Since June, my e-mail in-basket has been crowded with two kinds of mail.
On the one hand: protests from cyclists angered by a VPD “crackdown” on cyclists’ traffic violations, including riding without a helmet.
On the other: fury directed at unsafe or reckless cycling by drivers who know the rules of the road apply to cars and bicycles equally.
Kari Hewett, the tireless chair of the city’s Bicycle Advisory Committee, agrees that a program of cycling driver education is overdue. She recently took Cst. Jeff Schwenneker, of the VPD’s traffic unit, on a walk across the Burrard Bridge to discuss the lessons that are emerging.
The two agree that the city urgently needs a co-ordinated approach to driver education — for cyclists! The VPD has not engaged in a “crackdown,” but a June blitz of “information tickets” — and some real ones — has produced that impression. What’s missing is good communication and a single message.
Again from the e-mail, this typical letter from a cyclist loving the benefits of lane separation:
“As a West End resident, I’ve always felt cut off from Kits and the West side of the City because I was too chicken to cross the Burrard Bridge by bike.
“Despite my destinations being within easy cycling distance, I would always take the bus because riding on that narrow bit of sidewalk with impatient cyclists behind me, meandering pedestrians to one side, and speeding traffic on the other…. it just wasn’t worth the risk/stress.
“I rode over the bridge for the first time in years yesterday and it was a lovely. I can’t thank you enough.
“I am one of those cyclists who won’t be a regular rider unless there is a safe, marked route for me. To be honest, if it’s not a separated bike path (i.e. seawall, Carrall St), I rarely ride it.
“I’ve taken cycling skills courses, I know HOW to ride in traffic, I just don’t enjoy it and don’t feel it is worth the risk of bodily harm that seems inevitable.
“I’m really heartened that this Council seems to understand that the vast majority of people will not ride unless it is safe and comfortable, and that mixing cyclists with 2 tonne, 250 hp vehicles is neither!
“I look forward to a network of physically separated bike routes, especially through downtown! I’d like to put in a special plea for an east-west bike connection to the West End, as there is currently no way to get in or out of the West End by bike (not even a painted bike lane or sharrows).

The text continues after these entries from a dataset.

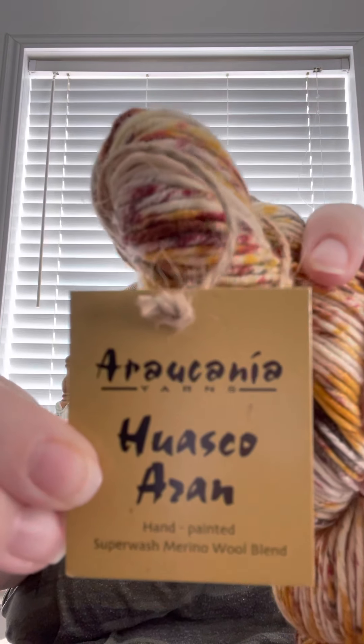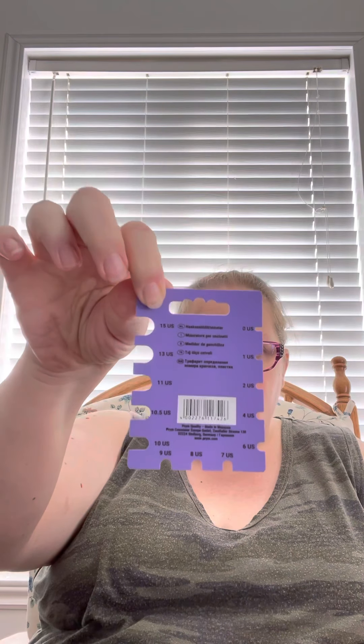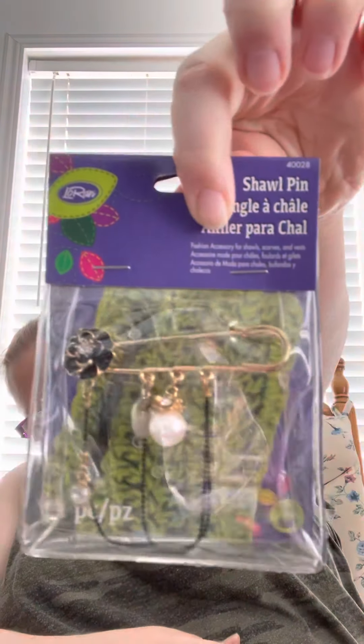Then there's the hand painted yarn — this is so pretty. I couldn't pronounce the name so I'll put it on screen. It's a medium worsted weight, approximately 196 yards, superwash merino wool and 20% polyamide. It's really cool — that would make a really colorful hat. And then there's the scissors, the needle gauge, the Soak wash, and the beautiful shawl pin. I like it because it's black with a black flower on it — very pretty.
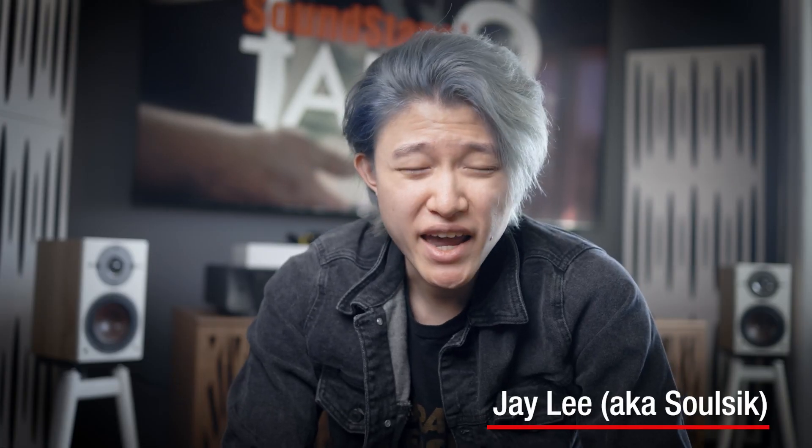Hey guys, how's it going? My name is Jay, and I am terminally ill with audiophilia, which means if I don't listen to music every single day, it'll only get worse.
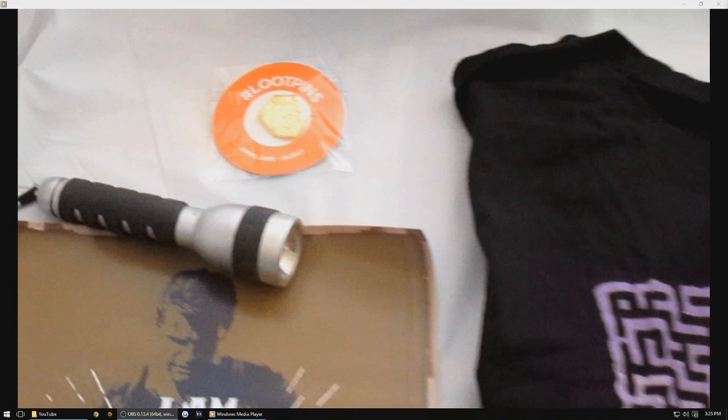All right, what is going on YouTube? This video is for the crate for the month of April and it is Quest. So we're gonna go ahead and jump into it and check out all the little knickknacks that you get for this month.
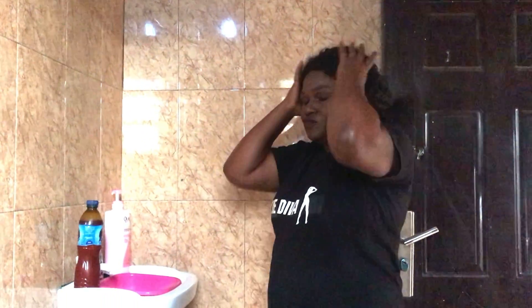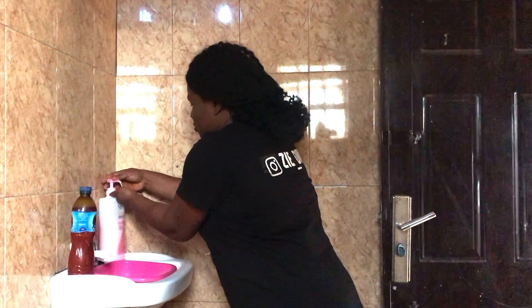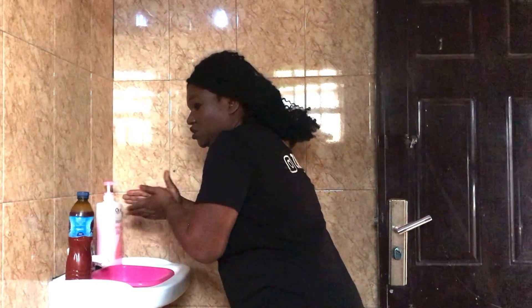Okay, you can use your soap. First of all, I will use my soap and wash my face.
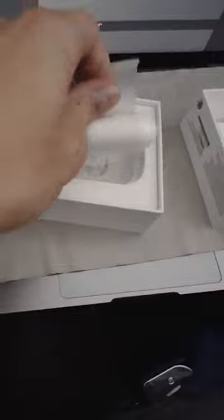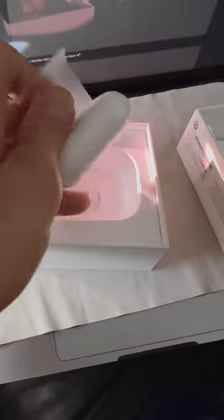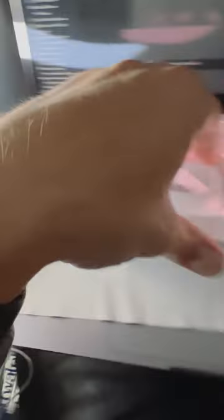Not much to the packaging and what's in the box, but we've got the main AirPods case here with the AirPods inside, of course. Opening this stuff with just one hand because I'm holding the camera with my other hand is a little tricky.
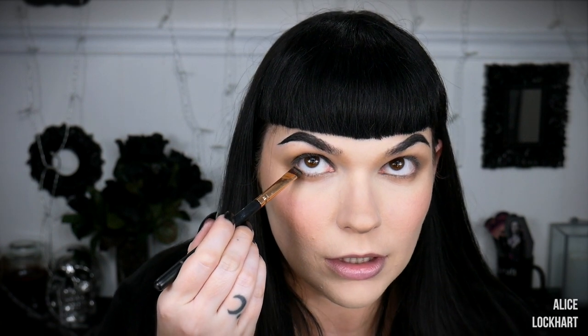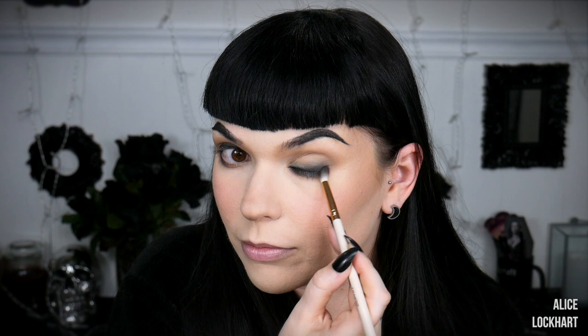Next, take a little bit of that black and do the same thing on the lower lash line, getting it right up close to the eyelashes. Only this time we're not going all the way across — we're keeping it on that outer third and connecting it to the upper. Take that same brush, or a slightly smaller one like the ColourPop E19, and just smudge that around. Sometimes when I blend my lower lash line it helps to just close my eye.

“Thanks again for putting together this trial, I hope to see it made permanent (or perhaps expanded to 2!)”
This cylist now has it all: skills and safe road design.
Lane separation is desperately needed now in Vancouver, but will only come slowly. (In Toronto, the battle for cycling safety is equally slow — a block by block struggle for improvements that has one critic proposing provincial action. There, as elsewhere, Copenhagen is touted as a cycling nirvana, where segregated bike lanes are the norm.)
The fundamentals of safe cycling behaviour are straightforward, but poorly-designed, fragmentary or non-existent cycling networks encourage bad behaviour by cyclists and drivers alike.
To be really successful, the Burrard trial should have two legacies: safer roads and a more safety-savvy cycling community.